Top of Source material

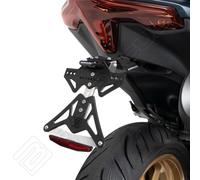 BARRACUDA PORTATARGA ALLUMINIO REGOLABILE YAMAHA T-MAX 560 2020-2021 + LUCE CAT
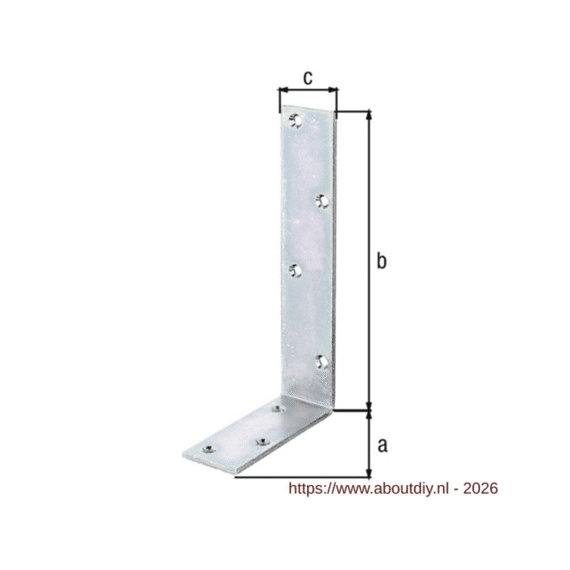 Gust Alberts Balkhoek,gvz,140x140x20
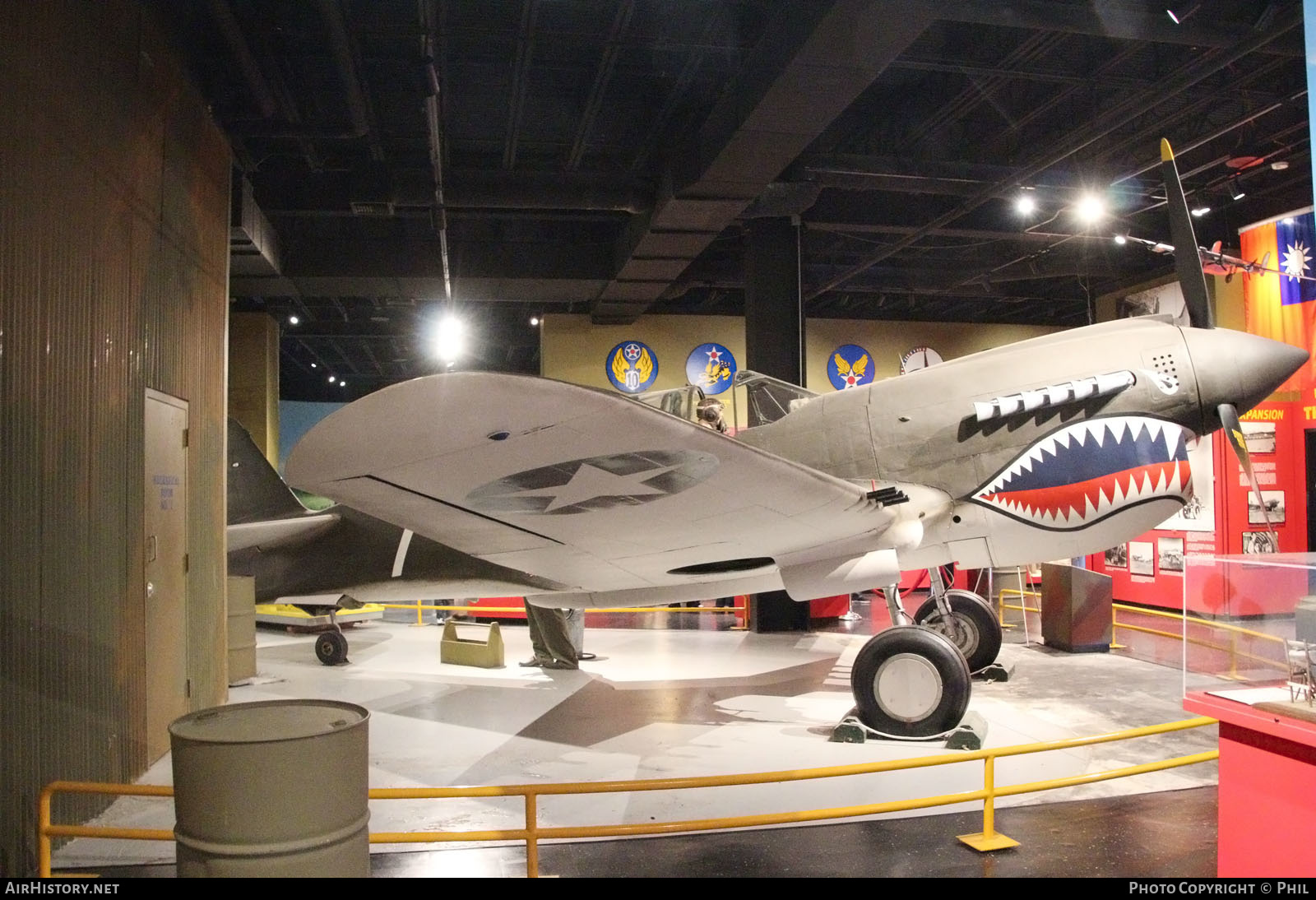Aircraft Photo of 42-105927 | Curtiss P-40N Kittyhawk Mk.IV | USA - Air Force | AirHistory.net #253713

Bottom of Source material

### Exercise instructions
All of the material is to be reproduced verbatim, pictures excluded.

### Exercise output
 BARRACUDA PORTATARGA ALLUMINIO REGOLABILE YAMAHA T-MAX 560 2020-2021 + LUCE CAT
 Gust Alberts Balkhoek,gvz,140x140x20
Aircraft Photo of 42-105927 | Curtiss P-40N Kittyhawk Mk.IV | USA - Air Force | AirHistory.net #253713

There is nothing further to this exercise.